What is needed:
Go through the listing below and repeat it exactly, dropping the pictures.

Provided material:
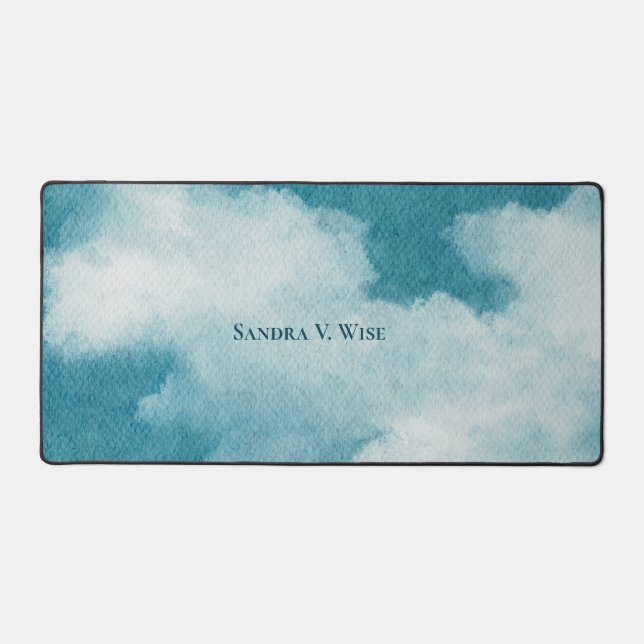 Serene Horizon Dreams Aquarelle Bleu et blanc (Recto)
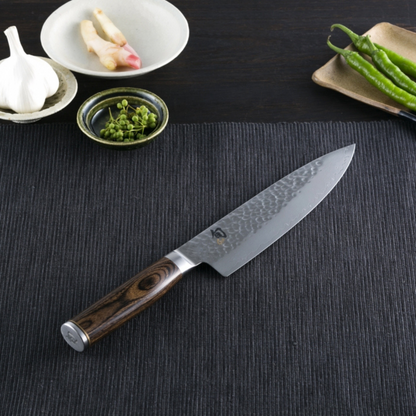 سكين Shun Premier Kiritsuke | من الفولاذ VG Max المطروق بنمط الفولاذ الدمشقي |مقبض من الخشب المعزز | عدة قياسات | من العلامة التجارية اليابانية Kai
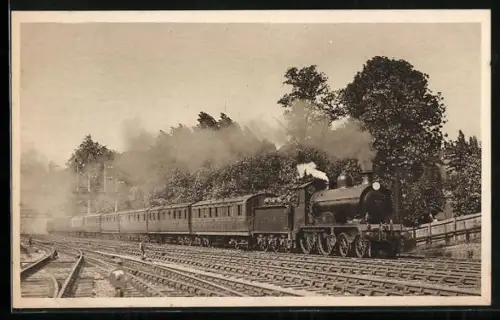 AK Down Brighton Express near South Croydon, Engine No. 212, Britische Eisenbahn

Answer area:
 Serene Horizon Dreams Aquarelle Bleu et blanc (Recto)
 سكين Shun Premier Kiritsuke | من الفولاذ VG Max المطروق بنمط الفولاذ الدمشقي |مقبض من الخشب المعزز | عدة قياسات | من العلامة التجارية اليابانية Kai
 AK Down Brighton Express near South Croydon, Engine No. 212, Britische Eisenbahn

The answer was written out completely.